My blog post tries to describe some of the complex issues involved in the idea of ‘open source curating’. In many ways, there is no such thing. There are just different approaches to negotiating the relationships between artist, curator, participant, intern, maker, crafter, technician, audience, etc.
We often think of curating as ‘selection’ of artwork, but it really includes a process of research and contextualizing artwork within a public space and within a group of people. For me, the OSE workshops are part of the curatorial research process. I have to make sure the concept works in practice. That is to say, the practitioners in the field have to make sense of the interdisciplinary relationship otherwise it’s meaningless. I’m not a programmer or a crafter, but I collaborate with people to make new things from our conversations.

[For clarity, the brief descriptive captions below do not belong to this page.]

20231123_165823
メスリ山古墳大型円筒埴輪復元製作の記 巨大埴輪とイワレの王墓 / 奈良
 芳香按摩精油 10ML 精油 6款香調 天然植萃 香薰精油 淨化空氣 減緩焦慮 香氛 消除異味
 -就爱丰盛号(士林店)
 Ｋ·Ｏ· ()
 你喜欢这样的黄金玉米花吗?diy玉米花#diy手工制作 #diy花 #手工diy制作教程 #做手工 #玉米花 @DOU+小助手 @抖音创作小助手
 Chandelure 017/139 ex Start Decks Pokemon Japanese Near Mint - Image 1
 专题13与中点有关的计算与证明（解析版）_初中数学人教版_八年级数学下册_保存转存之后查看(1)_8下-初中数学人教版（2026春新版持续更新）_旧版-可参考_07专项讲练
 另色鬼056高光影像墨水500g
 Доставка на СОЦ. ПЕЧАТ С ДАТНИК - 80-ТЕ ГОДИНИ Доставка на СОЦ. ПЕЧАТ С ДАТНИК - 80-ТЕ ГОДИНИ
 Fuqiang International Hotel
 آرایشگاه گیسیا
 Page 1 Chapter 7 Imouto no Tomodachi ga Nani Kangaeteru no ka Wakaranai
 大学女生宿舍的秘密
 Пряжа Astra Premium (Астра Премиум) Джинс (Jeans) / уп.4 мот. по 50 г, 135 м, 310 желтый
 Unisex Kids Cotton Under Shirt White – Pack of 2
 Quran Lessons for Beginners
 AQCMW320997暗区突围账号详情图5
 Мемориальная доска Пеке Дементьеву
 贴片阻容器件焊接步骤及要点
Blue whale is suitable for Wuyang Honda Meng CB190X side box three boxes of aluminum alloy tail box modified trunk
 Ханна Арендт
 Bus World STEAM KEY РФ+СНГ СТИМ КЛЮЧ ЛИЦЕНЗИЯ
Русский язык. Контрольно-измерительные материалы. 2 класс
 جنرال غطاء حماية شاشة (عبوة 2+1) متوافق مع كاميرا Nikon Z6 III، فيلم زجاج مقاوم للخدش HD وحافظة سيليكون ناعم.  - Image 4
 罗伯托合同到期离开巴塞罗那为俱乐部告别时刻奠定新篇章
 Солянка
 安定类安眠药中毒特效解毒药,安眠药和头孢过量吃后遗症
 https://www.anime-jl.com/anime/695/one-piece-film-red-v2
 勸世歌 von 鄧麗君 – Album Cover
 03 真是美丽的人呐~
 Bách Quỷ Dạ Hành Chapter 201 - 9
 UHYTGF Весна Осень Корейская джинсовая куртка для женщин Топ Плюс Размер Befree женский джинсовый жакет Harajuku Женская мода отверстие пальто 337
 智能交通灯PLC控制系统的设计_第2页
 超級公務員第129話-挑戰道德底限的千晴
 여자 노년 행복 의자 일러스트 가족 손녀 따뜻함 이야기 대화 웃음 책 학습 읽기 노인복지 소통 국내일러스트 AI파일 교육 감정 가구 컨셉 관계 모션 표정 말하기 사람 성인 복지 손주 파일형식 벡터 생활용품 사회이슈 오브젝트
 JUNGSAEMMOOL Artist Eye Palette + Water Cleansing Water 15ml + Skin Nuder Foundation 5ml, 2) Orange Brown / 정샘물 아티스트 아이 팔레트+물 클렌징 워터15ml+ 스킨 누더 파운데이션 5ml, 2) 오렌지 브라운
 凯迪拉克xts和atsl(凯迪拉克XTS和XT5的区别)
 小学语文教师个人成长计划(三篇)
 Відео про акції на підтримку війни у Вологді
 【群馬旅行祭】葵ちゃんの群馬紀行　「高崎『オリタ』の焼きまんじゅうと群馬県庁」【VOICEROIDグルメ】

My approach to curating OSE has purposefully included works by people who took part in OSE workshops alongside established artists. I’m inspired by Critical Art Ensemble’s discussion of the importance of the relationship between expert and amateur knowledge (Critical Art Ensemble, 2005 and 2001). So I didn’t want to create a Folk Archive, like Jeremy Deller and Alan Kane (Deller & Kane, 2005), which is a general collection of folk production. Instead I wanted to create a space where both the expert and the amateur could come together within a critical context. Many of the artists have facilitated collective projects, so the distinctions become a bit arbitrary.
References
Critical Art Ensemble, (2005) “The Amateur.” In: Nato Thompson The Interventionists: User’s Manual for the Creative Disruption of Everyday Life. Massachusetts: Mass MoCA. 147.
Critical Art Ensemble (2001). Digital Resistance: Explorations in Tactical Media. New York: Autonomedia.
Deller, Jeremy,. and Alan Kane (2005) Folk Archive: Contemporary Popular Art from the UK. London: Bookworks.